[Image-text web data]
######
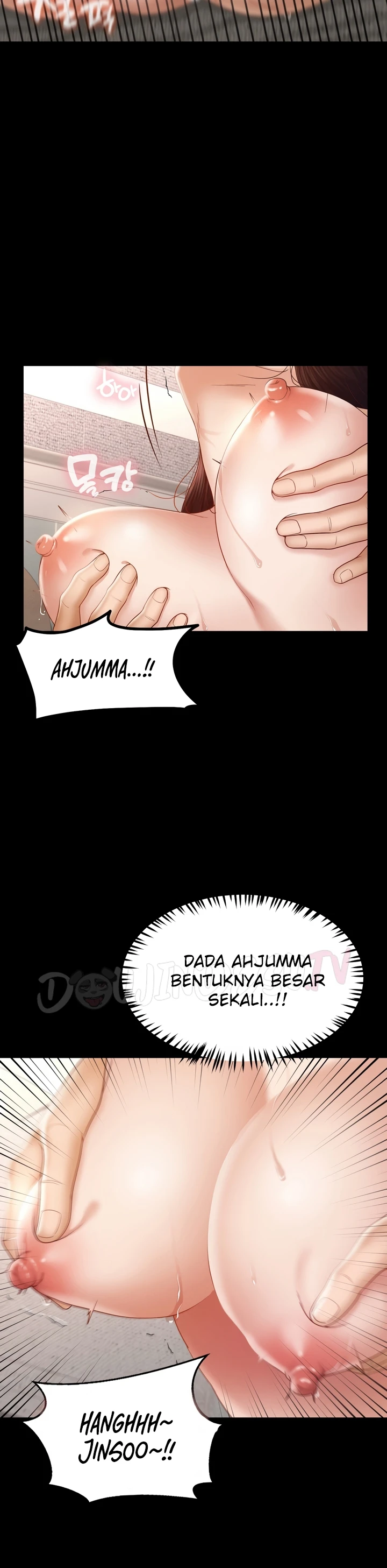 image-komik-sweet-my-home-chapter-12-12/36
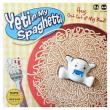 Opakowanie Yeti in my spaghetii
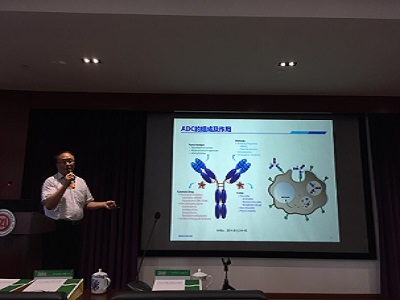 yl23455永利(集团)股份有限公司官网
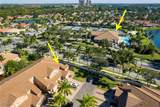 13991 Lake Mahogany Boulevard - Photo 32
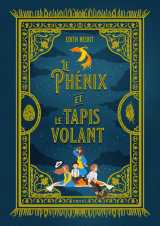 Le phénix et le tapis volant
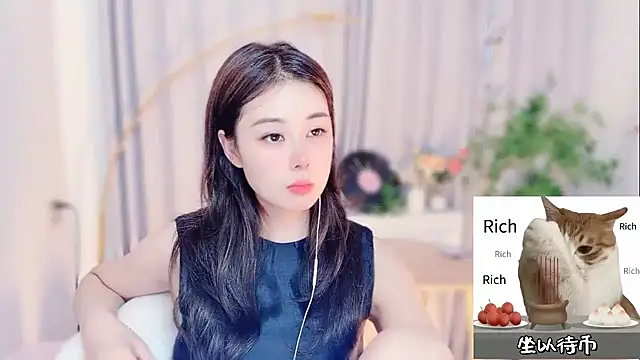 Snapshot of CC-777888 chatting on 07/07/26, 01:48 CC-777888 online show from 07/07/26, 01:48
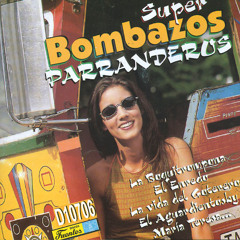 El Brindis del Viejito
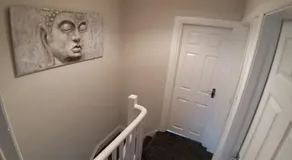 Templemore Townhouse - Image 2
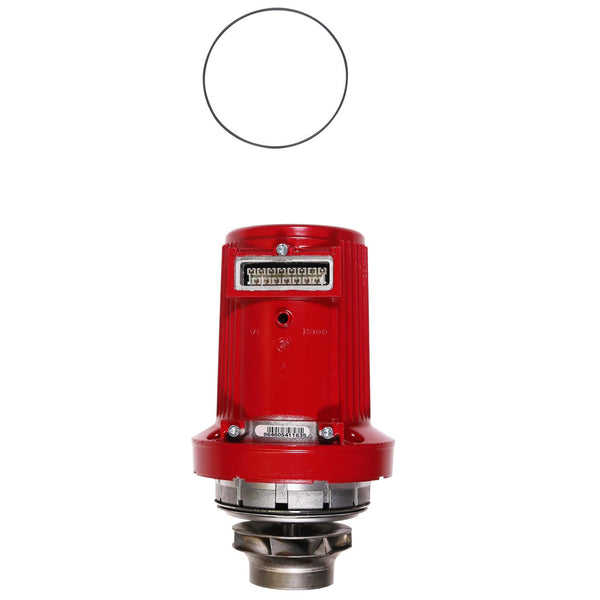 Grundfos 96406004 - Kit | Pump Head 3X400-415V 50HZ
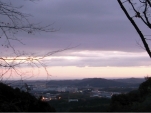 R0011145.JPG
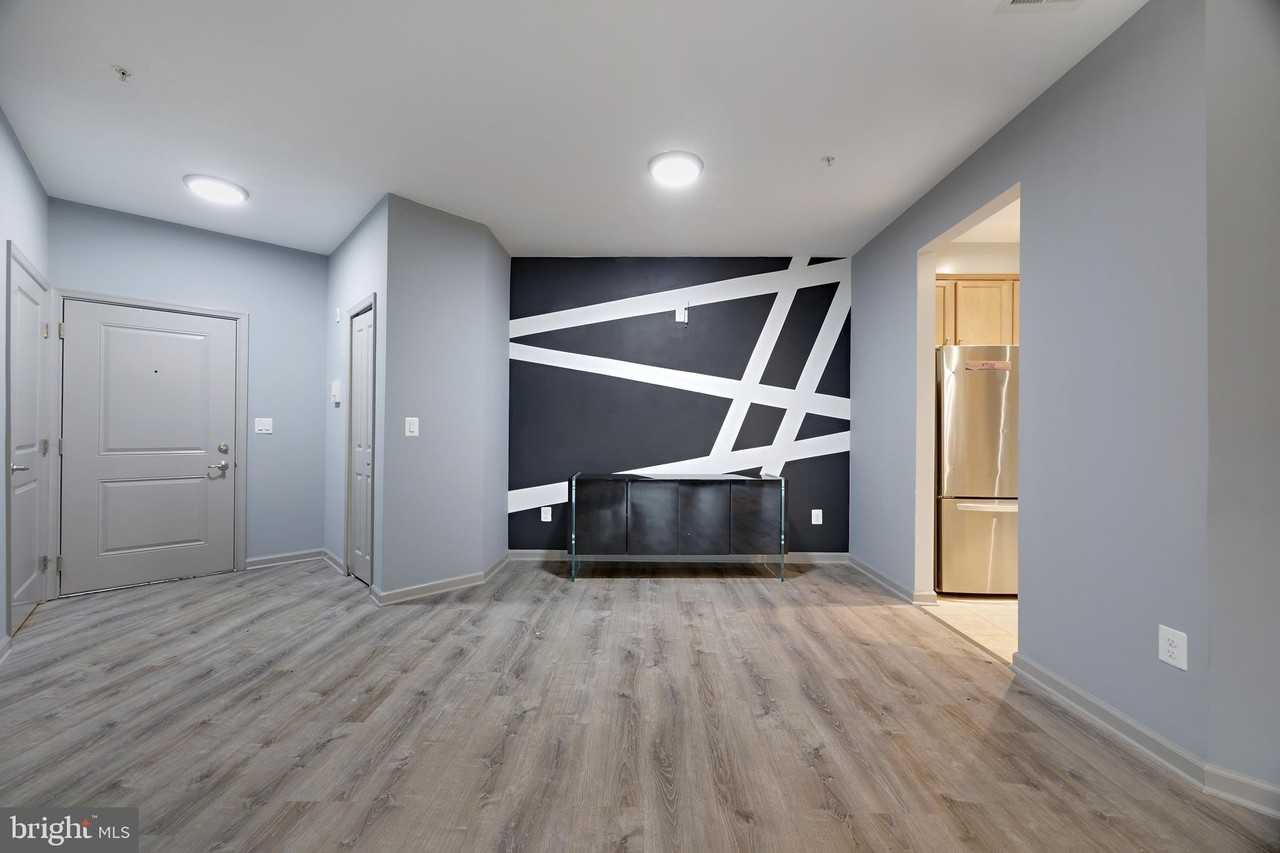 8390 Ice Crystal Dr Unit B #B - Photo 7 of 33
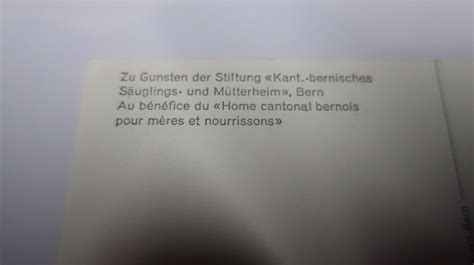 Albert Anker Schlafender Knabe Im Heu Kaufen Auf Ricardo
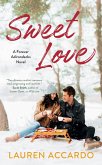 Sweet Love (eBook, ePUB)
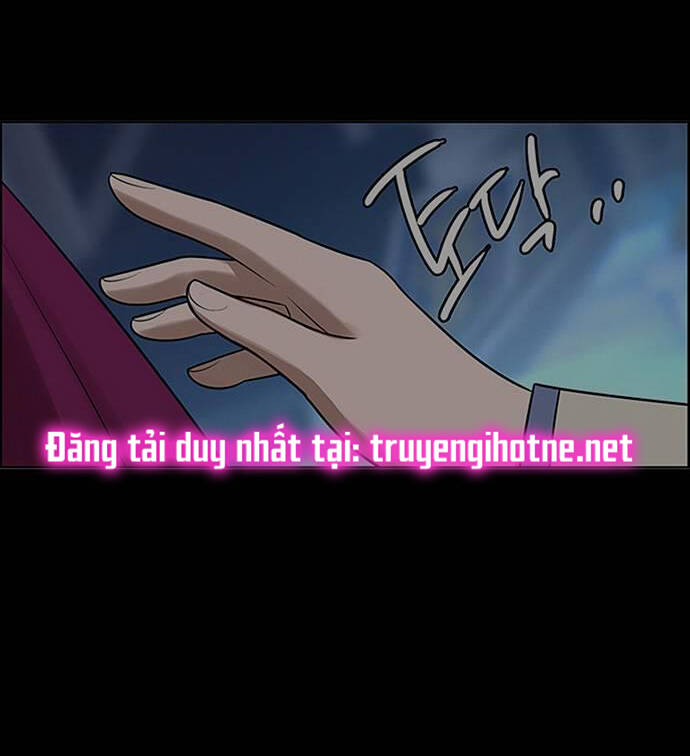 Nữ Thần Giáng Thế Chapter 237.1 - Trang 2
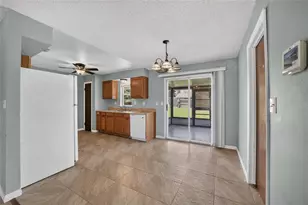 5245 SE 107th Pl, Belleview, FL 34420 - Photo 16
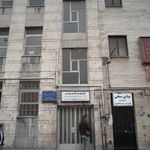مطب دندانپزشکی دکتر منصور شجاعی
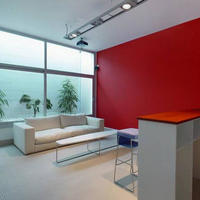 Townhouse in Spain, Catalunya, Begur, 300 sq.m.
######
▶ [Description of the task] Your answer should be the lines from the first record down to the line containing "Snapshot of CC-777888", restated exactly, with no pictures.

▶ [Response box]
 image-komik-sweet-my-home-chapter-12-12/36
 Opakowanie Yeti in my spaghetii
 yl23455永利(集团)股份有限公司官网
 13991 Lake Mahogany Boulevard - Photo 32
 Le phénix et le tapis volant
 Snapshot of CC-777888 chatting on 07/07/26, 01:48 CC-777888 online show from 07/07/26, 01:48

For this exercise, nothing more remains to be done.